Story on Clicky [getclicky.com] about Google testing ajax powered SERPs. I believe the finders credit goes to this story [smackdown.blogsblogsblogs.com]. I think it is a major story. It has big implications for site owners and webmasters.

About 7 years ago, in the classic "3 characters from done [webmasterworld.com]" thread we had talked about the ramifications on seo of se's switching from GET to POST'ed data. However, it never came to pass that browser programmers would allow an unchecked form "post" submission. However, the hiding or obscuring of referral data is nothing new:

March 2002: [webmasterworld.com]
Both AOL and Overture routinely encode urls and session strings. There are some meta engines and java script based forms on engines that already hide referral strings. Most of us have seen this effect from search MSN already.

I honestly don't think G is shortsighted enough to do something like that system wide for the sake of obfuscating seo efforts. Websites would have little incentive to look to Google for traffic or optimize for Google. The focus would no longer be on Google for optimization. We wouldn't know what or how to optimize for keywords - optimization would be shots in the dark. Our only option would be to look for other big sources of traffic [webmasterworld.com].

There has always been the unwritten trust between websites and search engines that they could use our data, as long as they sent us traffic. Refererless traffic pretty much breaks that unwritten but implicitly agreed upon trust and treats websites as commodities - just food for the engine.

On the other hand, we have to respect a websites - even Google's - opportunity to innovate. I think we have to see what G is doing with the Ajax before passing final judgment on it and it's intentions. I doubt that it is Googles will to break log analyzers and keyword trackers with this test. I think that is a by-product of whatever Ajax implementation google is currently testing.

On the third hand, it would probably drive alot of webmasters to look to AdWords for traffic. hmmm



 11:38 pm on Feb 4, 2009 (gmt 0)

I'm finally seeing this after clearing cookies and restarting Firefox, but it's not at all what I expected. In fact, the average end user will never notice a difference. It's no faster, slicker, more attractive, or anything - just vanilla Google results.

In other words, there's clearly some motive here *other* than improving the user experience.

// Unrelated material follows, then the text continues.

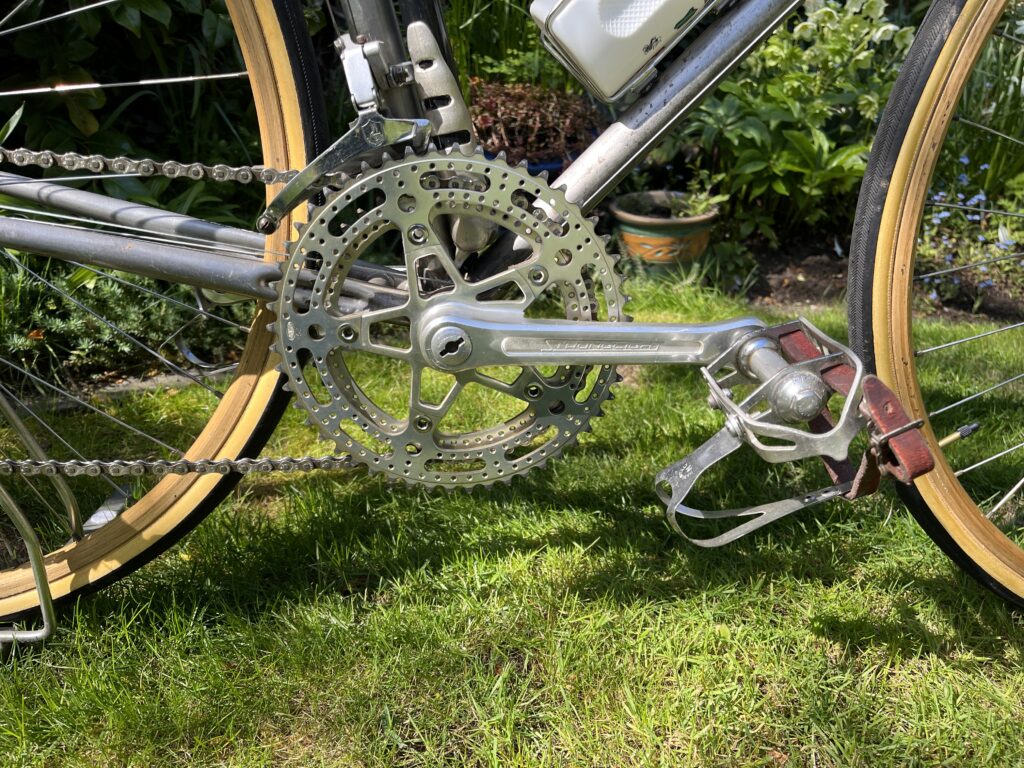 Galmozzi - Super Competizione Chainset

 11:40 pm on Feb 4, 2009 (gmt 0)

I think it would be up to the browser manufacters to issue a patch to the browser to send the referal information with AJAX requests. This may in fact, be a good goose to them to get that done. I don't believe the referring page full url (after the #) is available to the website after the click. I don't think it is in the request anywhere - whether by js or http headers.

if we can hope the browser makers patch their product to pull the referer info out of the url, can we also ask server-side product makers like Apache and the PHP team to do the same?

Receptional Andy

 11:46 pm on Feb 4, 2009 (gmt 0)

can we also ask server-side product makers like Apache and the PHP team to do the same?

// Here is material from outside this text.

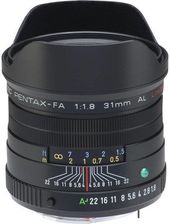 Pentax FA 31mm f/1.8 AL Limited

You wouldn't need to - referrers just don't work that way. They are always passed by the browser. Either they retain information after the # or they don't. It might require more change to also store the same value in javascript's document.referrer object, but any fix to include the info in a referral would be browser-side.

As far as I'm aware, URI fragments were always a bit of an "add-on" to the URI spec, and thus there's is no real standardisation about what to do with them.


 11:57 pm on Feb 4, 2009 (gmt 0)

More information on the Fragment Identifier here...

Uniform Resource Identifier (URI): Generic Syntax - 3.5 Fragment

The fragment identifier is not used in the scheme-specific processing of a URI; instead, the fragment identifier is separated from the rest of the URI prior to a dereference, and thus the identifying information within the fragment itself is dereferenced solely by the user agent, regardless of the URI scheme.


 12:12 am on Feb 5, 2009 (gmt 0)

I can't seem to get the results no matter what I try. Perhaps I will try from a different IP address.


 12:21 am on Feb 5, 2009 (gmt 0)

NICE: Top referrers / Top search phrases / TOP search engines data all missing. And all because PHD leveled marketing blend is scared for their job at Google. G, wake the el UP.


 12:24 am on Feb 5, 2009 (gmt 0)

PG, the Generic Syntax 'syntax' worked before...


 12:32 am on Feb 5, 2009 (gmt 0)

I personally would like to thank Google for letting every website I visit know that I have a Google account. Please tell us, why is your fabulous privacy feature only effective for those who anonymously search Google?

I guess the only solution is to log out and stay out until you Googlers get your priorities in order.


 12:45 am on Feb 5, 2009 (gmt 0)

I am going to take a chunk from 3.4

-- The characters slash ("/") and question mark ("?") may represent data within the query component. Beware that some older, erroneous implementations may not handle such data correctly when it is used as the base URI for relative references (Section 5.1), apparently because they fail to distinguish query data from path data when looking for hierarchical separators. However, as query components are often used to carry identifying information in the form of "key=value" pairs and one frequently used value is a reference to another URI, it is sometimes better for usability to avoid percent-encoding those characters. --

Now... does that brake the Google appliance indexing/desktop or those are absolute?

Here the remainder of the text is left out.